Apabila pemberantasan korupsi diberi makna lain seperti kampanye dan lain-lainnya, maka itu dinilai tidak ada manfaatnya. 

“Bagi rakyat kita, memerlukan tindakan penegakan hukum yang punya efek pengembalian kerugian keuangan negara dan sekarang KPK juga sudah mulai berorientasi pada pengembalian kerugian negara atau yang disebut sebagai pemulihan aset,” terang Fahri. 

Dengan jelas, Fahri menilai bahwa kinerja Kejagung paling efektif dalam pemberantasan korupsi. Jumlah pengembalian negaranya jauh di atas dua lembaga penegak hukum lain. 

“Jika didefinisikan secara langsung maka lembaga yang paling banyak pengembalian negaranya saya anggap sebagai lembaga yang berfungsi performanya paling baik,” katanya. 

Dalam pemberantasan korupsi, Fahri meminta penegak hukum tidak banyak gaya dengan menangani pelaku yang banyak memakan uang negara, namun tidak mampu mengembalikan uang hasil korupsi itu lebih banyak lagi. 
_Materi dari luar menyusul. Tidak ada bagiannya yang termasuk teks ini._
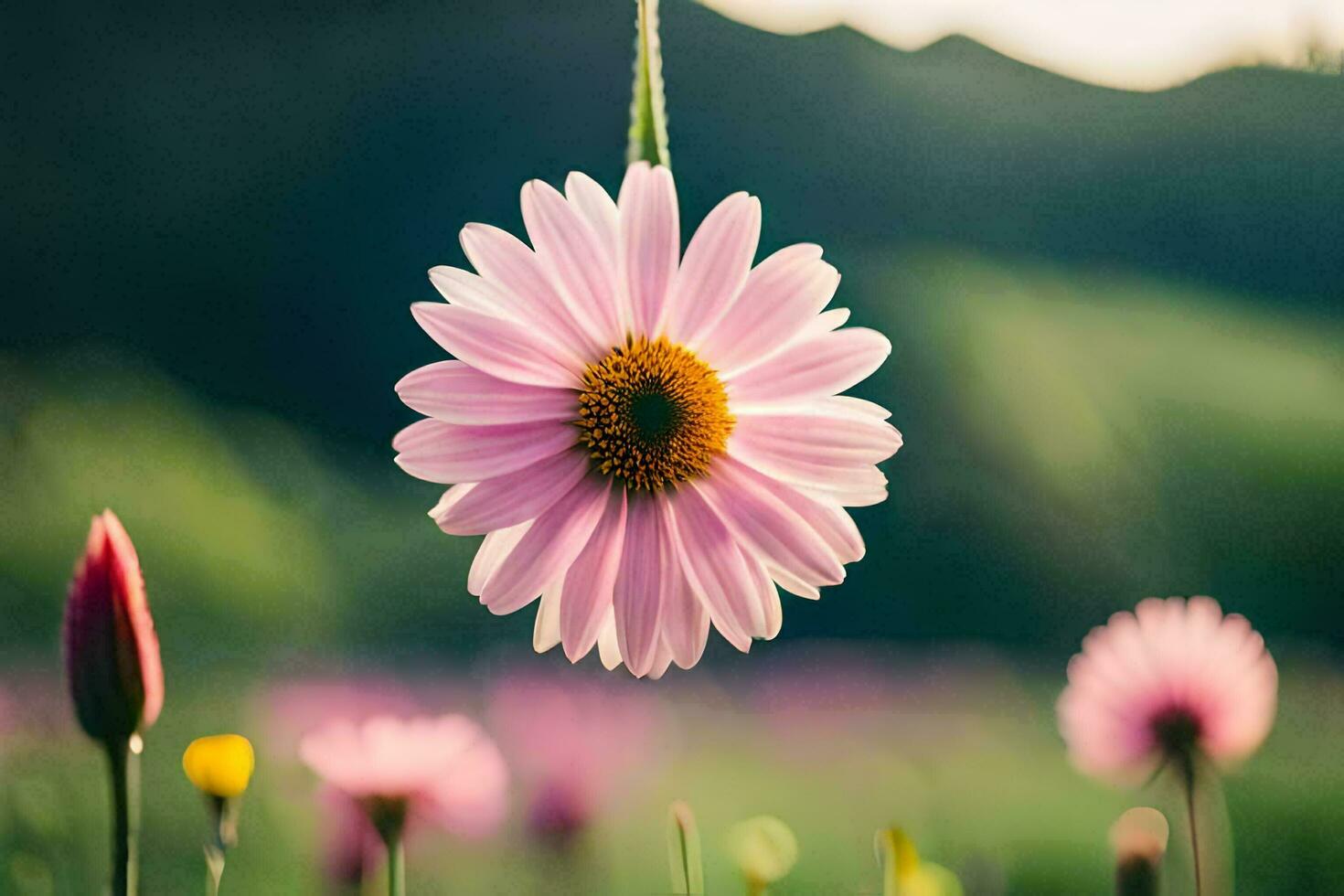 a pink flower is hanging from a string in a field. AI-Generated photo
“Mohon maaf saya katakan bergaya kirim manuver kanan-kiri dengan segala macam kampanyenya, tetapi faktanya keuangan negara tidak kembali sebesar biaya-biaya atau anggaran APBN yang dipakai dalam memberantas korupsi,” ujar dia.

Seperti diketahui, Kejaksaan Agung pada semester pertama 2021 telah menangani 151 kasus tindak pidana korupsi atau sekitar 53 persen, dari target 285 kasus.
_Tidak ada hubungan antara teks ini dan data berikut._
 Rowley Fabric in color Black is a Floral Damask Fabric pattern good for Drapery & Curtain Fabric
Dalam penanganan itu, sebanyak 363 orang telah ditetapkan sebagai tersangka. Termasuk di antaranya mantan Gubernur Sumatera Selatan Alex Noerdin.
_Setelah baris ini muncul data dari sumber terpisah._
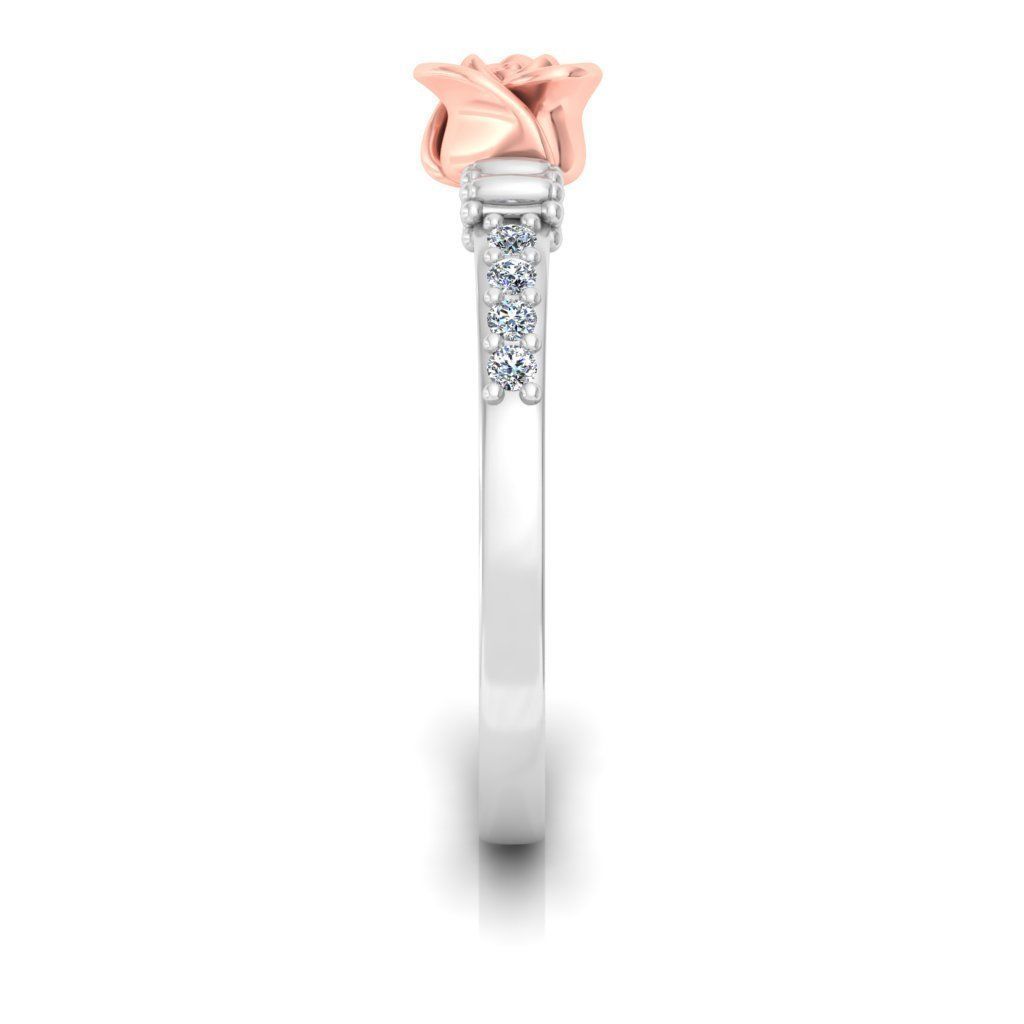 Solitaire Engagement Rose Ring Propose Rose Rings 3D print model_5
Selain itu, Kejaksaan Agung juga masih terus menetapkan tersangka baru pada kasus dugaan korupsi pengelolaan keuangan dan investasi PT ASABRI dengan jumlah kerugian negara mencapai Rp22,7 triliun.

Korps Adhyaksa juga menangani kasus korupsi pengelolaan keuangan dan dana investasi Jiwasraya yang ditaksir merugikan negara Rp16,81 triliun.

BANTEN
Uji Coba Berakhir Juli, Pemprov Banten Usulkan WFH ASN Setiap Jumat Dihentikan

Uji Coba Berakhir Juli, Pemprov Banten Usulkan WFH ASN Setiap Jumat Dihentikan

Rabu, 29 Juli 2026 | 13:21

Pemerintah Provinsi (Pemprov) Banten mengusulkan penghentian kebijakan work from home (WFH) bagi aparatur sipil negara (ASN) setiap Jumat setelah masa uji coba berakhir pada akhir Juli 2026.

NASIONAL
Menaker Tegaskan AI Bukan Penyebab Utama PHK

Menaker Tegaskan AI Bukan Penyebab Utama PHK

Selasa, 28 Juli 2026 | 20:15

Perkembangan teknologi kecerdasan buatan (Artificial Intelligence /AI) kerap dianggap sebagai ancaman hilangnya lapangan pekerjaan.

AYO! TANGERANG CERDAS
7 Sekolah Swasta Mundur dari Program Sekolah Gratis, DPRD Minta Pemprov Carikan Solusi untuk Siswa

7 Sekolah Swasta Mundur dari Program Sekolah Gratis, DPRD Minta Pemprov Carikan Solusi untuk Siswa

Selasa, 28 Juli 2026 | 14:04

Sekretaris Komisi V DPRD Provinsi Banten, Rifky Hermansyah, meminta Dinas Pendidikan dan Kebudayaan (Dindikbud) Provinsi Banten menjamin hak siswa yang terdampak setelah tujuh SMA swasta mengundurkan diri dari Program Sekolah Gratis.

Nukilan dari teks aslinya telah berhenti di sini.